PROBLEM: I need the lines below from the one with "Настенный светильник (бра)" down to the one with "PAMP Fortuna Gold Ingot 20gm" reproduced exactly, both ends included, and nothing else.

DATA EXTRACTS:

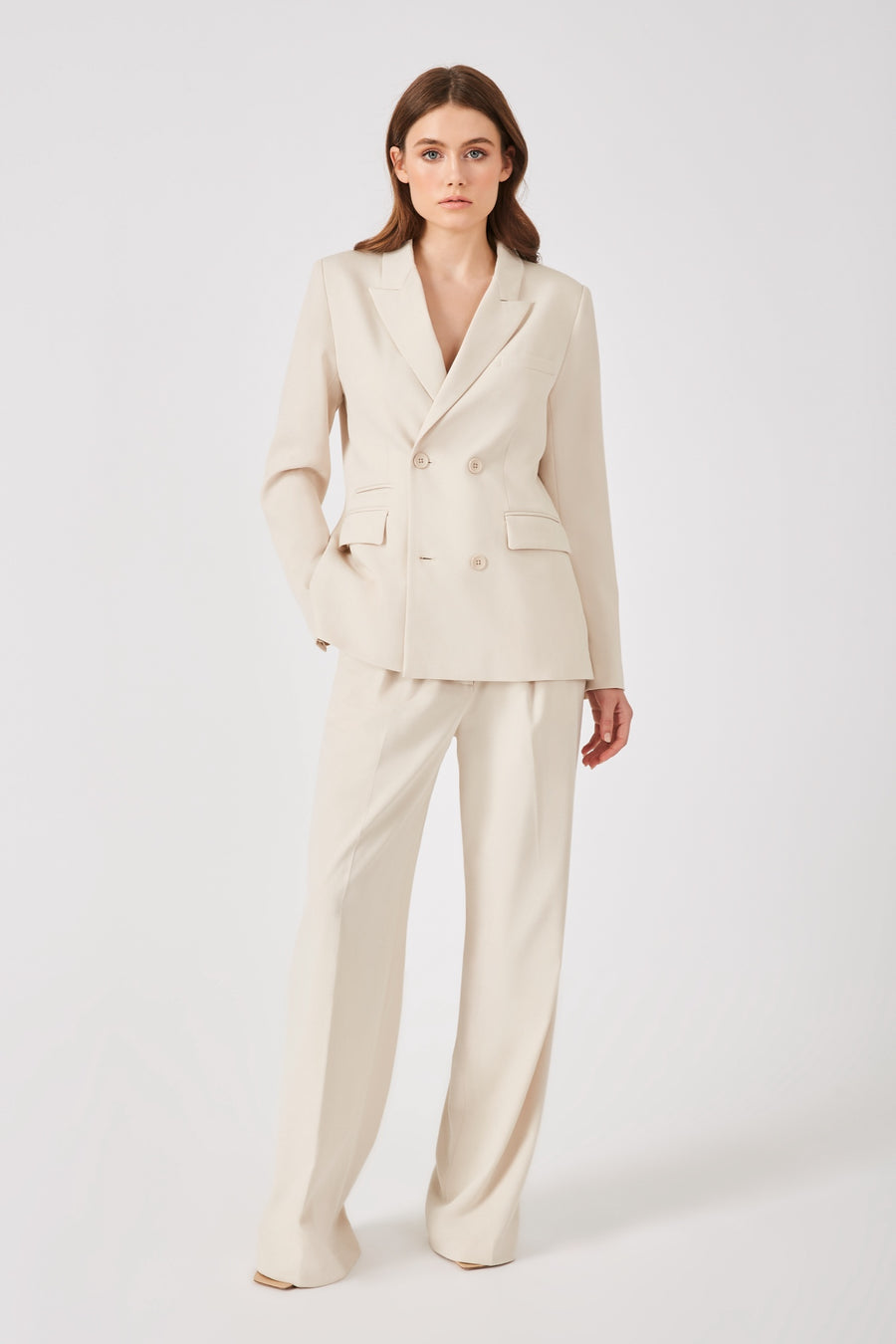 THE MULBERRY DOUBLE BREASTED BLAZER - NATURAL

==

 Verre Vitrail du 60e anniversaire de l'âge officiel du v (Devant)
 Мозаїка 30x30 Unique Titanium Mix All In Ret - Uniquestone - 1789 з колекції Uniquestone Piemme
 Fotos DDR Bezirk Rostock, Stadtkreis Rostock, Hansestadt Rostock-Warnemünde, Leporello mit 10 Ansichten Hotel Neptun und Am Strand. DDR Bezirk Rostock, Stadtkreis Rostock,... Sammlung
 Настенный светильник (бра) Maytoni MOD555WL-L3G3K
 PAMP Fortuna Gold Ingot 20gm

---

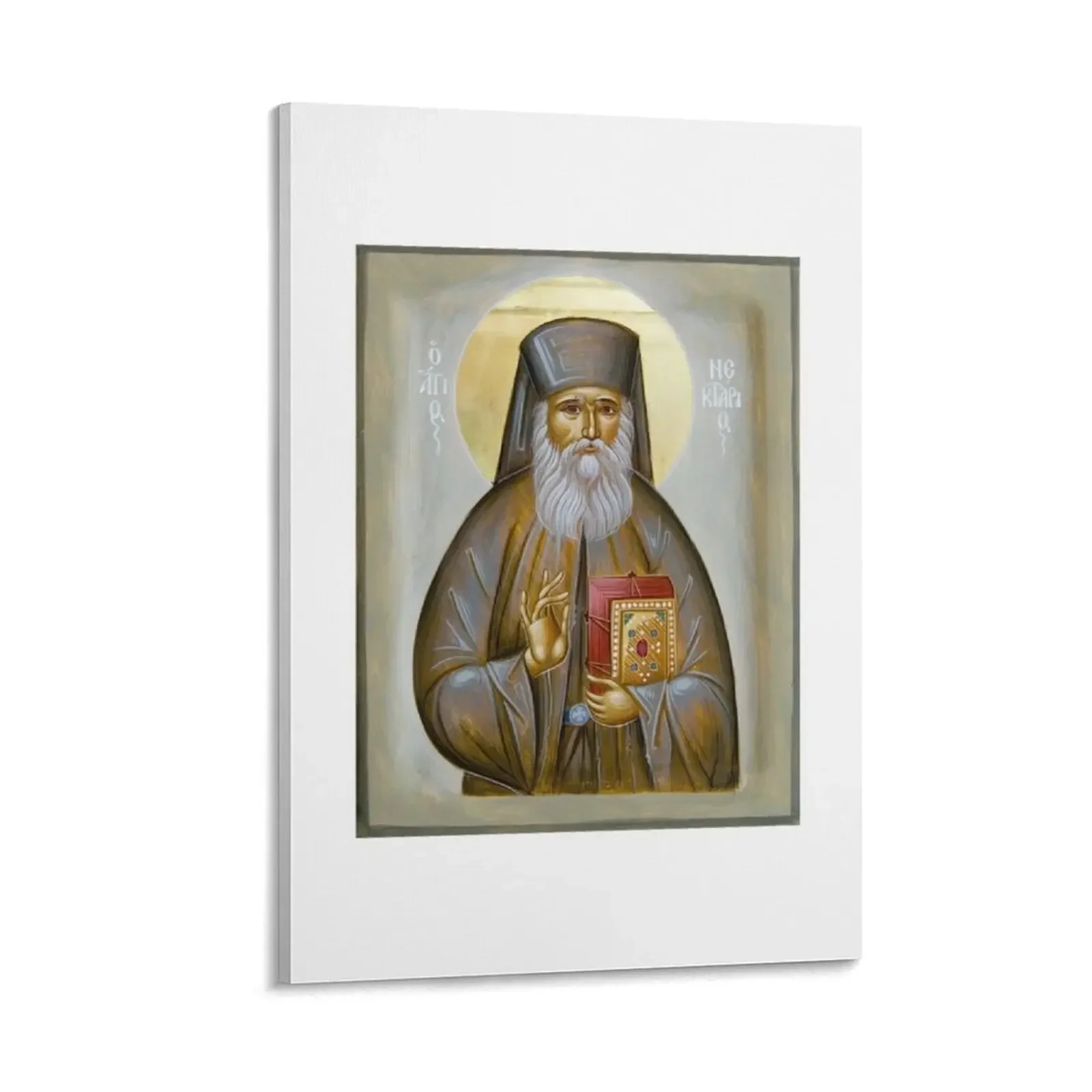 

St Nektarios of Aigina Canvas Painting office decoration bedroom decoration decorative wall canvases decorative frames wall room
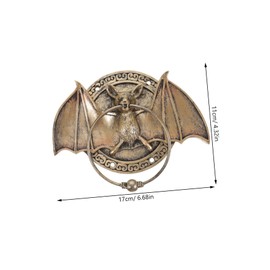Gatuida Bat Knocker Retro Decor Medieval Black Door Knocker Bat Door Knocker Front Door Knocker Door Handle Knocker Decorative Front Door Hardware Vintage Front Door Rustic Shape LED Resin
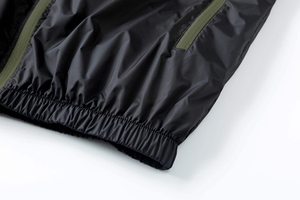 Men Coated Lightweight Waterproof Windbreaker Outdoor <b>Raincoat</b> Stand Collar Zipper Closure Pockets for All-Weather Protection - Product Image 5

ANSWER FOR THIS EXERCISE:
 Настенный светильник (бра) Maytoni MOD555WL-L3G3K
 PAMP Fortuna Gold Ingot 20gm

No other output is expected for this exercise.